§ Your objective:
Write out the stretch of lines below that begins at the line with "Gray Wolf Running" and ends at the line with "Background with perfumery", including both, exactly as given and nothing more.

Data records
■ ■ ■ ■ ■

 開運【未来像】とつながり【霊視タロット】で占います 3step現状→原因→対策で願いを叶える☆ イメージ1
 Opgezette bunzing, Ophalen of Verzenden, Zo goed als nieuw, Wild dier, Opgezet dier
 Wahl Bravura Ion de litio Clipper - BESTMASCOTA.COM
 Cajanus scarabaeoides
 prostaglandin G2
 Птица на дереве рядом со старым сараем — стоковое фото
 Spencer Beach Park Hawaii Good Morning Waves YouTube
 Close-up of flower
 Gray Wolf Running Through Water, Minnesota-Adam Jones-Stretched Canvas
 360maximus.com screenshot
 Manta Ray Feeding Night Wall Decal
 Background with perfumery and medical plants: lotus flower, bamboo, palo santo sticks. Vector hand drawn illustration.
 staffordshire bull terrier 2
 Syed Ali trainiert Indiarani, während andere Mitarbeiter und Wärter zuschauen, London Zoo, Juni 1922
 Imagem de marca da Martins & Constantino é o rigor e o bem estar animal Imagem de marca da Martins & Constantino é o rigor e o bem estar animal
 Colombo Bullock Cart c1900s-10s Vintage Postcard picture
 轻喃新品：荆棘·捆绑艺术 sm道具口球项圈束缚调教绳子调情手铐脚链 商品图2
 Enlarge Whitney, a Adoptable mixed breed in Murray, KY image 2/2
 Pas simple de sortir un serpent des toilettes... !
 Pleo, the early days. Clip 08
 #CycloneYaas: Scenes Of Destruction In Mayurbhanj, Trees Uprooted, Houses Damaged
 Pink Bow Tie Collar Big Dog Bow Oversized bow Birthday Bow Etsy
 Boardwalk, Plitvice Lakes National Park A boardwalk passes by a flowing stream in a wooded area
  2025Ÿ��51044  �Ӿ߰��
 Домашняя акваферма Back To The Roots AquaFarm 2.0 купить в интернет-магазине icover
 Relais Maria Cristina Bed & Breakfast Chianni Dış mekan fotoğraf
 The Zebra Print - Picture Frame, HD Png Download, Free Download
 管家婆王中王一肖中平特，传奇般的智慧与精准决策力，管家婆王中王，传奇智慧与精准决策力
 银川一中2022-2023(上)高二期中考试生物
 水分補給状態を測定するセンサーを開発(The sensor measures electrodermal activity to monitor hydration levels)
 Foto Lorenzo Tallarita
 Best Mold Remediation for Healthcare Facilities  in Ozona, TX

■ ■ ■ ■ ■

§ Answer section:
 Gray Wolf Running Through Water, Minnesota-Adam Jones-Stretched Canvas
 360maximus.com screenshot
 Manta Ray Feeding Night Wall Decal
 Background with perfumery and medical plants: lotus flower, bamboo, palo santo sticks. Vector hand drawn illustration.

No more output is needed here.